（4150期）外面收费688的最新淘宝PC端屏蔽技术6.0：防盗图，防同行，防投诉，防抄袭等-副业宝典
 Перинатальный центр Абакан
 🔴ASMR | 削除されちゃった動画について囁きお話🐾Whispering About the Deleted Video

## About this exercise
Restate all of the material, keeping every word intact.

## Answer box
（4150期）外面收费688的最新淘宝PC端屏蔽技术6.0：防盗图，防同行，防投诉，防抄袭等-副业宝典
 Перинатальный центр Абакан
 🔴ASMR | 削除されちゃった動画について囁きお話🐾Whispering About the Deleted Video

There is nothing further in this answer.